Welcome to the True AVG report! This will be a frequent post outlining the results of the True AVG models on the site which can be found in the MLB Range of Outcomes as well as the free Binomial Projections model. The goal of these posts is to look into the numbers and find large outliers between production and regression. We can use that to take advantage of them in sports betting markets and daily fantasy sports.
What is MLB True AVG?
True AVG is a regressed metric based on batting average allowed for MLB starting pitchers. You can use it for finding pitchers that have had their results affected either positively or negatively by factors of luck. Basically, we are trying to take luck out of the equation and find what pitchers “truly” deserve. Similar to the predictive xHR/9 stat which I developed to leverage luck in home run deviations, True AVG has been built to be an intuitive way to assess realistic outcomes for pitchers.
Model Results

Recap from yesterday's post: The worst True AVG and one of the higher negative deviations was Matt Swarmer. He faced the Yankees and gave up seven hits and six home runs. From the article:

MLB True AVG notable results
To start, the largest True AVG on the day goes to Julio Urias. Surprisingly, Urias has been pretty bad this year after a promising start to his career. He's had walk rate issues in the recent sample and has been lucky with both BABIP and LOB rates and definitely has corrections coming. Therefore it's easy to see him falling apart against a quality opponent like the Giants. They are top 10 in the league against LHP and have a good chance to punish a shaky pitcher like Urias. That said, using the Giants in the later slates for DFS is a solid spot for leverage.

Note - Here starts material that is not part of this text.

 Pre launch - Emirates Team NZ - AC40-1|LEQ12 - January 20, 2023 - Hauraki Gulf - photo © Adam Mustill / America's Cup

Next, the lowest True AVG belongs to Kyle Nelson, but he's an opener and his innings are uncertain. Instead let's look at Jose Quintana, who has the second lowest mark. Quintana's True AVG is at .218, which is .081 points better than his current actual. He's had a surprisingly strong year and has been very unlucky in the recent sample. Granted, he's facing the Braves, and that's always terrifying. This is a spot that will be a lot of leverage gained in DFS and looks to be a very strong spot for the overs on Quintana's strikeout props. However, it certainly comes with downside, so be aware!

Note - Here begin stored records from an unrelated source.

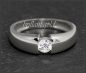 Preview: Brillant Solitär Ring 0,24ct, VS1, 585 Gold Bandring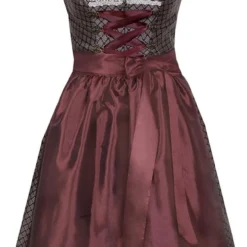 Overig Dirndl Käthe Burgundy-Goud Luxe (58cm)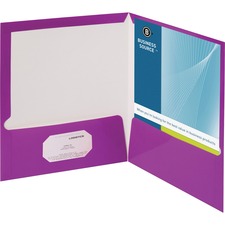 Business Source Laminated Cover 2-pocket Portfolio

Significant deviations to consider
- The largest positive deviation is for Kyle Nelson, but again, he's an opener. Subsequently, the next highest is for Cole Sands. Sands is a high strikeout rookie with some walk rate issues (as expected) but has been very unlucky in his time in the majors. His ERA is 8.49 and his xFIP is just 4.82, so there are multiple indications that corrections are coming. The Rays hold just an 86 wRC+ against RHP and a top 10 strikeout rate. This is a great spot to bet on regression for Sands in all formats.

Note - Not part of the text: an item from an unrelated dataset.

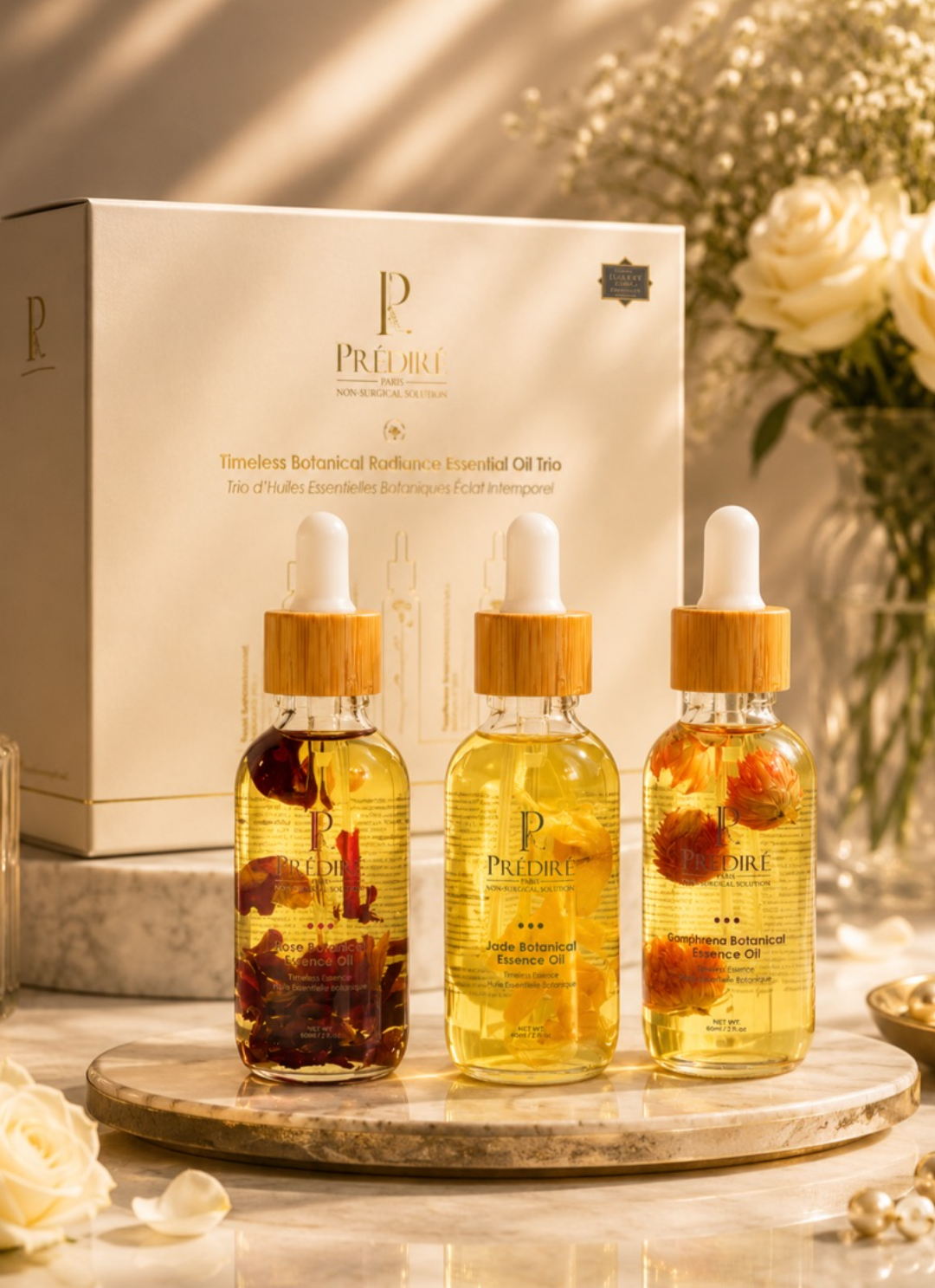 Prédiré Paris Timeless Botanical Radiance Essential Oil Trio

- Meanwhile, we have Edward Cabrera with the highest negative deviations. In his short time as a starter, he has given up just three hits against 13 strikeouts. That sounds great, until you see a .080 BABIP, 100% LOB rate, and an xFIP of 4.68 against an ERA under 1.00. He faces the Astros, a top 10 team in the league, and is prime to get rocked. Using the Astros power hitters in stacks and taking the unders on Cabrera make a lot of sense.